## AVAILABLE DATA

<<<<

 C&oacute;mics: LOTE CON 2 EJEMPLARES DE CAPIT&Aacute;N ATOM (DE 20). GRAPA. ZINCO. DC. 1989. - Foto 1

>>>>
<<<<

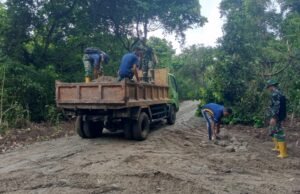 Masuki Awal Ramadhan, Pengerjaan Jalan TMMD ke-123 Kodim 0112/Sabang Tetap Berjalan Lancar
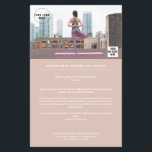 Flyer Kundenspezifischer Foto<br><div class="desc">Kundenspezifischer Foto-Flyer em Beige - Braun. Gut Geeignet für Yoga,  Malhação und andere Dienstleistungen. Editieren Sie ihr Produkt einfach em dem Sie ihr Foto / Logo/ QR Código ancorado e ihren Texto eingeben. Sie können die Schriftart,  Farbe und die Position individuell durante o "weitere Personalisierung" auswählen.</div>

>>>>

## TASK DETAILS
Would you restate, exactly and with no pictures, the lines of the entries above from the one containing "Masuki Awal Ramadhan, Pengerjaan" through the one containing "Flyer Kundenspezifischer Foto<br><div"?

## ANSWER
 Masuki Awal Ramadhan, Pengerjaan Jalan TMMD ke-123 Kodim 0112/Sabang Tetap Berjalan Lancar
 Flyer Kundenspezifischer Foto<br><div class="desc">Kundenspezifischer Foto-Flyer em Beige - Braun. Gut Geeignet für Yoga,  Malhação und andere Dienstleistungen. Editieren Sie ihr Produkt einfach em dem Sie ihr Foto / Logo/ QR Código ancorado e ihren Texto eingeben. Sie können die Schriftart,  Farbe und die Position individuell durante o "weitere Personalisierung" auswählen.</div>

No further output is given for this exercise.